Exercise objective ->
Lines outside the range are not wanted. Give again exactly the lines between the line holding "3304 Hill Avenue, Regina, SK" and the line holding "Nike MC Trainer", inclusive, from the listing below.

Data records ->
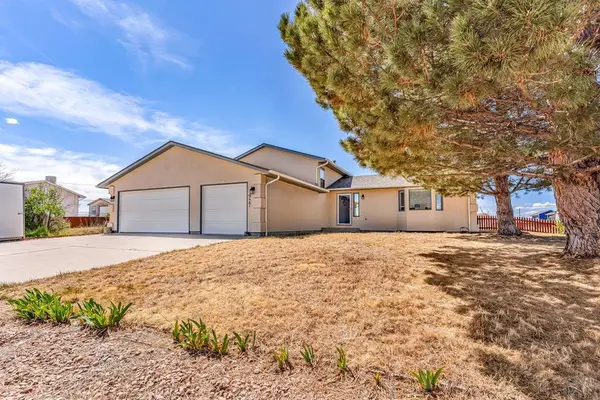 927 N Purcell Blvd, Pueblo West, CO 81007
* * *
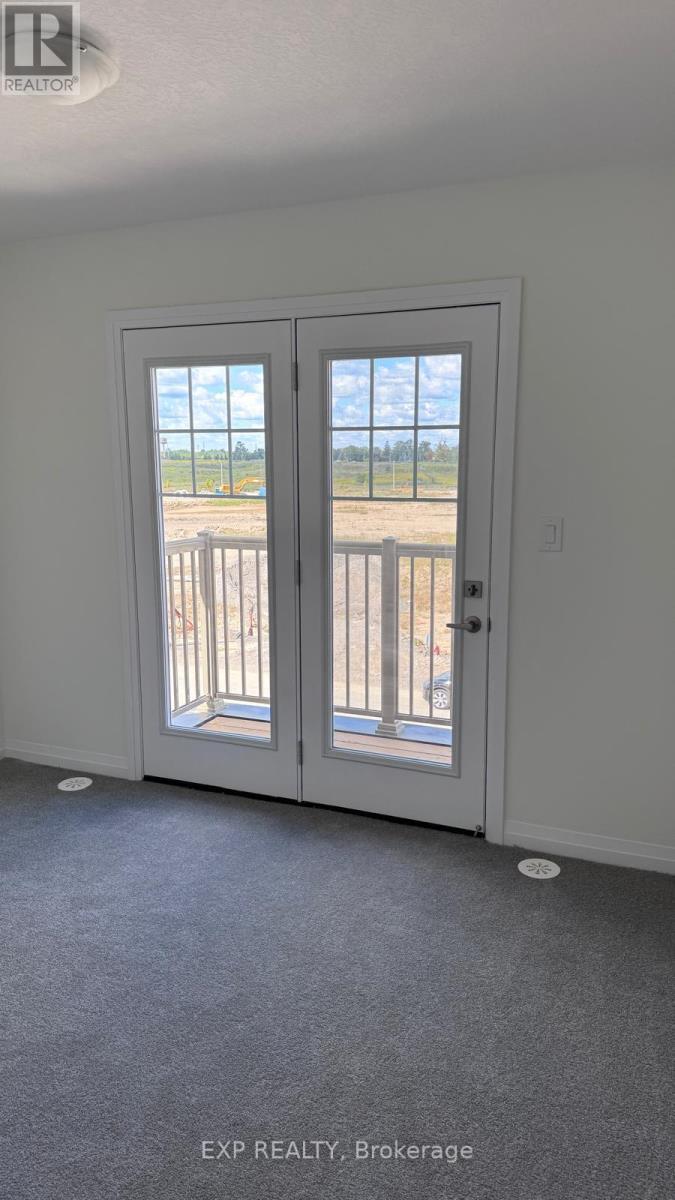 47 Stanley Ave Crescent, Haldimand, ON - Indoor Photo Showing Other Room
* * *
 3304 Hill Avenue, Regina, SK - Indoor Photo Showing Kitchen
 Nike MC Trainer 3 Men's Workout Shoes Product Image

Answer to this task ->
 3304 Hill Avenue, Regina, SK - Indoor Photo Showing Kitchen
 Nike MC Trainer 3 Men's Workout Shoes Product Image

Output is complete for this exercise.